To H, from whom I have no secrets. Well, not many, anyway.

Acknowledgements

A big thank you to Mark Hedley, Jenny Bond, Rosie Andrews and Olivia Heywood for all

their generous advice. And hugest gratitude as always to Linda Evans, Patrick Plonkington-

Smythe, Araminta Whitley and Celia Hayley, my boys and the board.

ONE

Of course I have secrets.

Of course I do. Everyone has a secret. It's completely normal. I'm sure I don't have any more

than anybody else.

I'm not talking about big, earth-shattering secrets. Not the-president-is-planning-to-bomb-

Japan-and-only-Will-Smith-can-save-the-world type secrets. Just normal, everyday little

secrets.

Like for example, here are a few random secrets of mine, off the top of my head:

1. My Kate Spade bag is a fake.

2. I love sweet sherry, the least cool drink in the universe.

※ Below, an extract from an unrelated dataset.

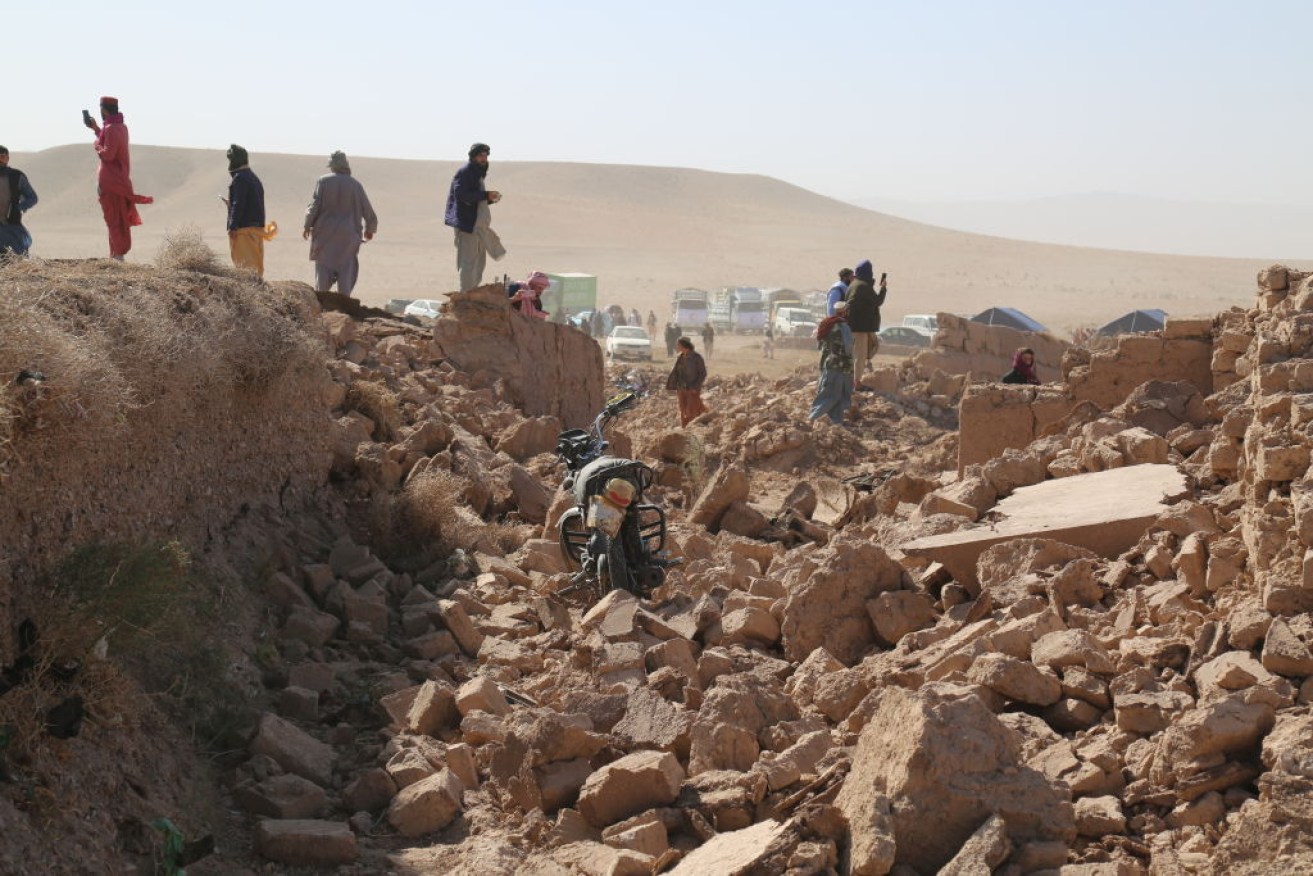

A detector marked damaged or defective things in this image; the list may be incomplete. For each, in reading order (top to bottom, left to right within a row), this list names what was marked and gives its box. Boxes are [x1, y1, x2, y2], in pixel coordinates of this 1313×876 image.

cracked concrete slab [904, 466, 1192, 588]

3. I have no idea what NATO stands for. Or even what it is.

4. I weigh 9 stone 3. Not 8 stone 3, like my boyfriend Connor thinks. (Although in my

defence, I was planning to go on a diet when I told him that. And to be fair, it is only one

number different.)

5. I've always thought Connor looks a bit like Ken. As in Barbie and Ken.

6. Sometimes, when we're right in the middle of passionate sex, I suddenly want to laugh.

7. I lost my virginity in the spare bedroom with Danny Nussbaum, while Mum and Dad were

downstairs watching Ben Hur.

8. I've already drunk the wine that Dad told me to lay down for twenty years.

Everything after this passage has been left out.